The Oliver Powell and Timely Investments Trust Collection, presented in a stand-alone evening session on Tuesday evening, 20 September is one of the highlights of Cape Town Auction Week.
The 110 lots on offer reveal Powell’s consistent focus on the human figure as well as his preference for bold colour, graphic ingenuity and emotional weight. Hodgins’ work forms the largest holding by a single artist in the collection – Strauss & Co is excited to be offering 13 artworks by Hodgins, including eight fresh-to-market paintings acquired by Powell in London (Robert’s birthplace) where Hodgins exhibited in 2003 and 2008. “You can see the agony of Robert’s tough childhood in his work,” says Powell, who knew the artist personally.
Wilhelm van Rensburg, a senior art specialist at the fine art auctioneers also knew Hodgins, both in a personal and professional capacity. “I met him through my wife, Alet Vorster, who owns the Art On Paper gallery. The gallery only specialised in, as the name suggests: artwork on paper. Alet curated many exhibitions of his drawings, watercolours, and prints. We were fortunate to know him quite well.” Hodgins liked the idea of such a niche gallery representing his work, Van Rensburg recalls. Vorster’s gallery was at the 44 Stanley lifestyle centre in Braamfontein Werf. The artist would regularly come over for lunch at one of the centre’s restaurants. “While we chatted, he would often stop mid-sentence, notice something and exclaim: ‘Look at that! Where is my sketchbook?’ “He would then proceed to draw the feature or character that piqued his attention,” Van Rensburg remembers.
It was also a treat to visit his studio in Midrand. “At any time, visitors would be met by an outdoor exhibition of about 30 canvasses drying in the sun.”
Hodgins would work on several artworks at a time – he created art in the same way he approached his life – with largess, optimism and creative excess. “He sadly passed away in 2010, dying three months shy of 90,” Van Rensburg says.
A full life
Hodgins had an interesting, although challenging life. His mother abandoned him as a child and it was only after his retirement in his mid-sixties that his career as an artist took off. He was born in 1920 in Dulwich, a village close to London in the United Kingdom and raised by a single mother, who dropped him off at a children’s home before his 13th birthday.

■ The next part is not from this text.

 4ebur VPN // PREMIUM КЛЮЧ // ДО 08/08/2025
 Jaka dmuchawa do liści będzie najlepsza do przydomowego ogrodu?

“Hodgins had to fend for himself in Depression-era London. He sold newspapers and delivered magazines to subscribers for extra pocket money,” Van Rensburg says.
He often visited the art museums “because they were free, warm and dry. “I had a rotten childhood. I started work in Soho and I just watched people go by. I had gone to the Tate because it was warm and dry, and I had seen Van Gogh’s yellow chair and liked that,” he told artist Kathryn Smith in an interview.
In 1938, around the age of 18 years, his -great-uncle in Cape Town reached out to him and offered to pay for his passage to South Africa. Along with the money for his boat ticket, the uncle also sent him “a bit extra” and instructed him “to buy a suit and some nice shoes.”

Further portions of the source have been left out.